▶ [Work request]
Return each line of the data below exactly, omitting any pictures.

(Short web captions)
*** Begin section ***

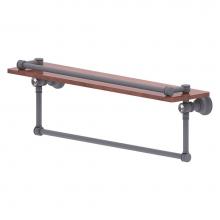 Allied Brass CC-1-22-TB-GAL-IRW-GYM - Carolina Crystal Collection 22 Inch Gallery Wood Shelf with Towel Bar - Matte Gray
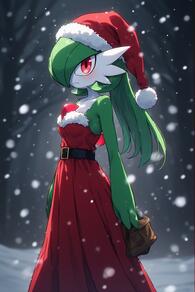 1girl alternate_hair_length alternate_hairstyle artist:furryfunparty bare_shoulders belt blurry blush breasts character:gardevoir christmas closed_mouth clothed_pokemon colored_skin cosplay dress fur-trimmed_headwear fur_trim green_hair hat holding holding_bag long_hair looking_at_viewer night outdoors pokemon pokemon_(creature) red_dress red_eyes red_headwear santa_hat snow snowing solo standing strapless_dress tree white_skin // 512x768 // 108KB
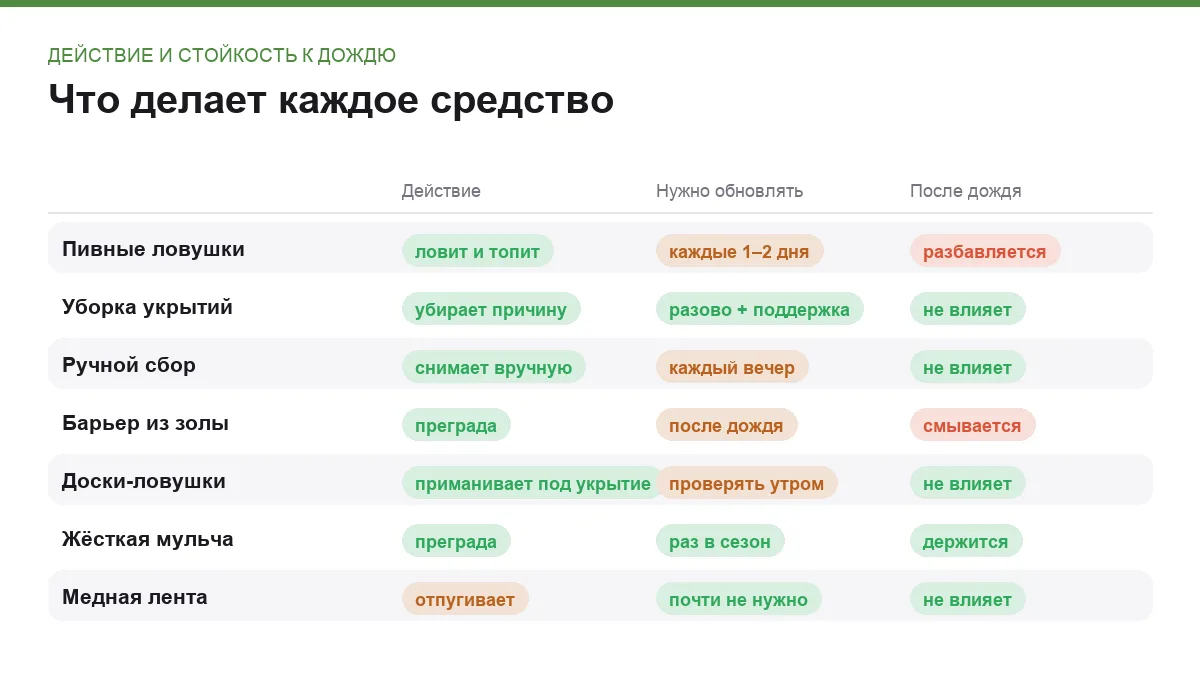 Инфографика: действие средства от слизней, как часто его нужно обновлять и что с ним делает дождь
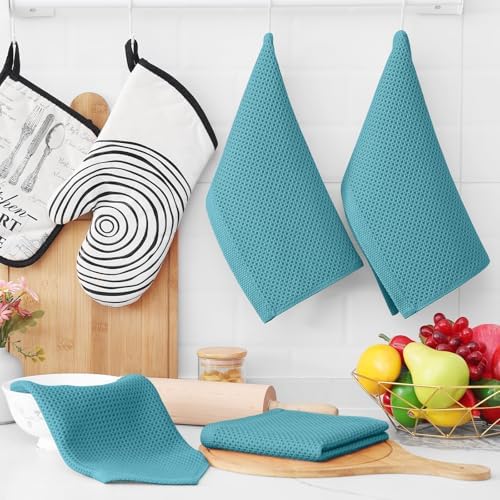 Homaxy 100% Cotton Waffle Weave Kitchen Dish Cloths 24-Pack, Lake Blue - Image 6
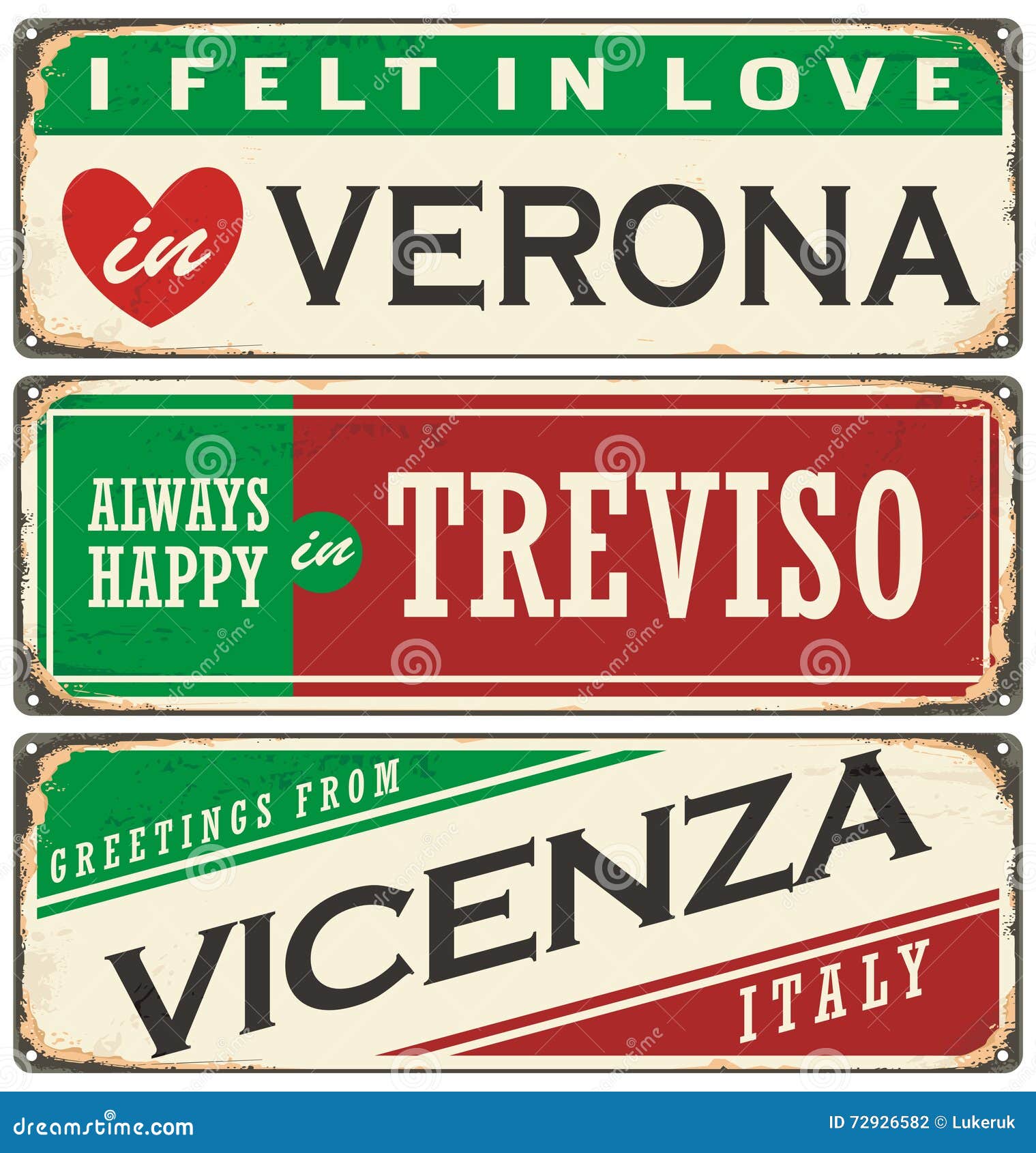 vintage souvenirs or postcard templates with places in italy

*** End section ***

▶ [Solution to this exercise]
 Allied Brass CC-1-22-TB-GAL-IRW-GYM - Carolina Crystal Collection 22 Inch Gallery Wood Shelf with Towel Bar - Matte Gray
 1girl alternate_hair_length alternate_hairstyle artist:furryfunparty bare_shoulders belt blurry blush breasts character:gardevoir christmas closed_mouth clothed_pokemon colored_skin cosplay dress fur-trimmed_headwear fur_trim green_hair hat holding holding_bag long_hair looking_at_viewer night outdoors pokemon pokemon_(creature) red_dress red_eyes red_headwear santa_hat snow snowing solo standing strapless_dress tree white_skin // 512x768 // 108KB
 Инфографика: действие средства от слизней, как часто его нужно обновлять и что с ним делает дождь
 Homaxy 100% Cotton Waffle Weave Kitchen Dish Cloths 24-Pack, Lake Blue - Image 6
 vintage souvenirs or postcard templates with places in italy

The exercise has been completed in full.